- _WORK TO COMPLETE_
Once you reach the line containing "Đơn Hàng Chế" in the data below, restate each line word for word up to and including the one containing "Zeus | PetCurious".

- _DATA LISTING_
+ + + + + + +

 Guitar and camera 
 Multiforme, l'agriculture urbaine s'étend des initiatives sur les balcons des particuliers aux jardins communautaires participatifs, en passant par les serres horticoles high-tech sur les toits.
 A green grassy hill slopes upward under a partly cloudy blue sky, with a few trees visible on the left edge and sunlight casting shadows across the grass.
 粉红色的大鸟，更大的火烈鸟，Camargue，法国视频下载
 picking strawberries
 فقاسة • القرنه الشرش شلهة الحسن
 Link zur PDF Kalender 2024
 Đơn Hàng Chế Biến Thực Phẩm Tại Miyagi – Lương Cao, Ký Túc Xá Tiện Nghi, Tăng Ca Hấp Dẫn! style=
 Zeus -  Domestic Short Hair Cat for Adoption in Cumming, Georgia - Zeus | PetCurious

+ + + + + + +

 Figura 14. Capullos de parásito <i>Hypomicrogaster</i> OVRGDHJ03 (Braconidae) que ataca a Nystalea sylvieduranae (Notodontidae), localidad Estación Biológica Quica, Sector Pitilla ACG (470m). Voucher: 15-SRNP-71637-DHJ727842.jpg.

+ + + + + + +

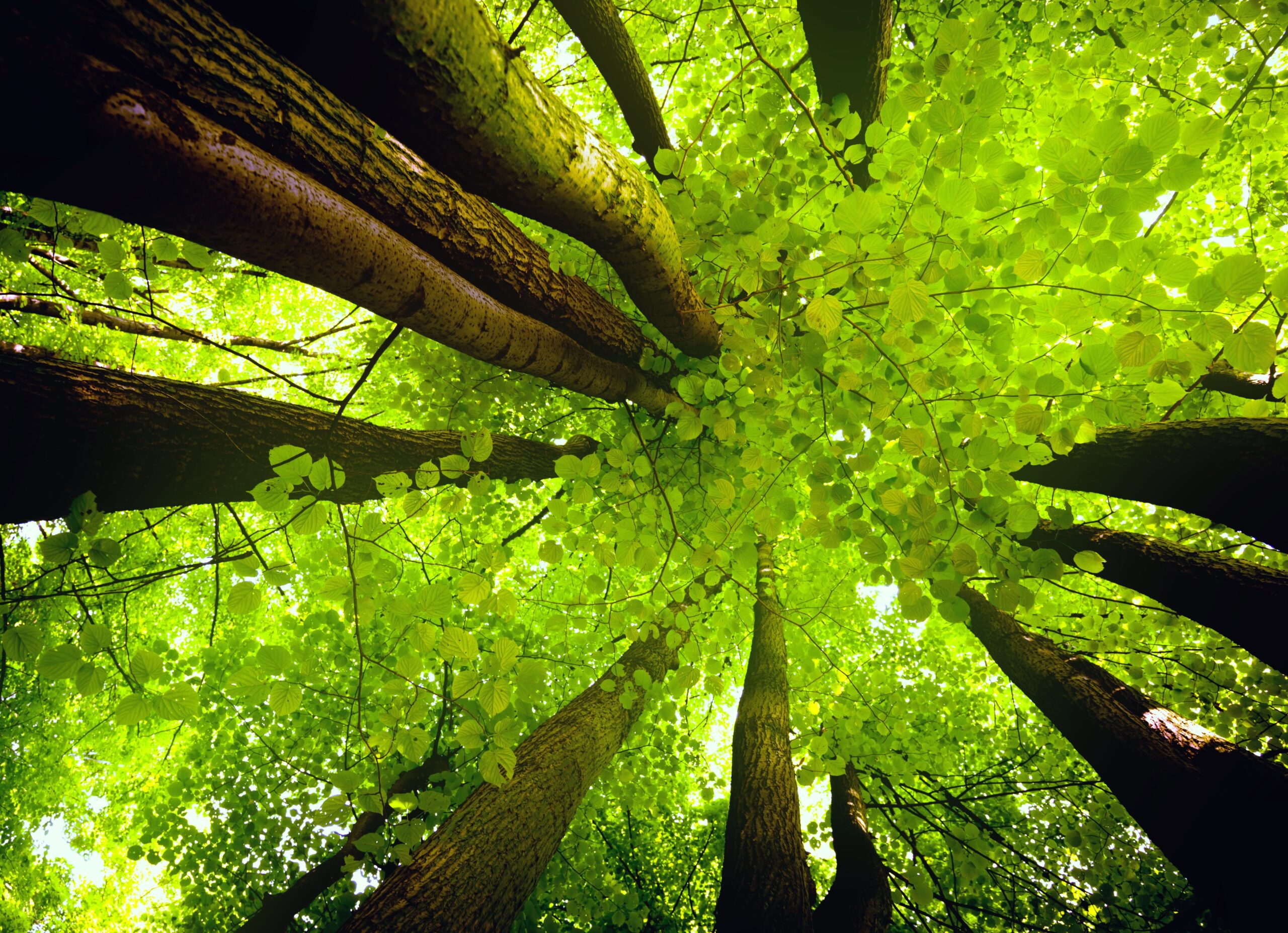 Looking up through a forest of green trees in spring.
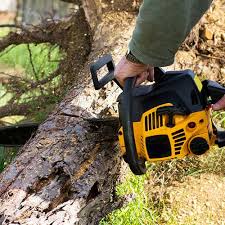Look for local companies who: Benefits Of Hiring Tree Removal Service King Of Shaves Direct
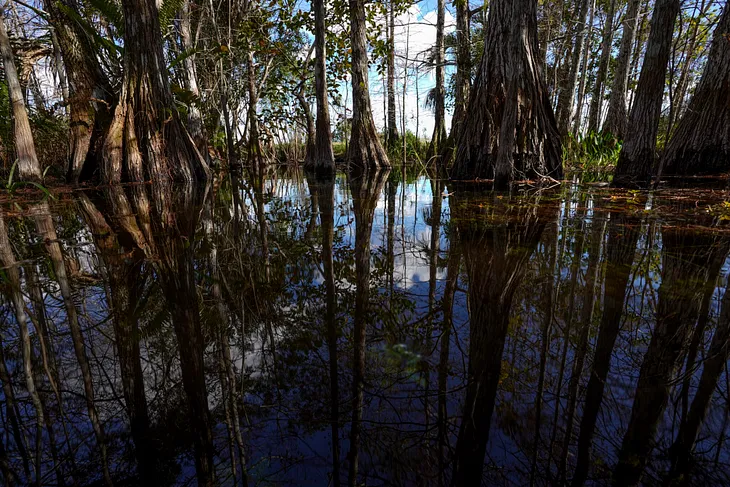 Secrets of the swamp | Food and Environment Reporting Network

+ + + + + + +

- _WRITTEN RESPONSE_
 Đơn Hàng Chế Biến Thực Phẩm Tại Miyagi – Lương Cao, Ký Túc Xá Tiện Nghi, Tăng Ca Hấp Dẫn! style=
 Zeus -  Domestic Short Hair Cat for Adoption in Cumming, Georgia - Zeus | PetCurious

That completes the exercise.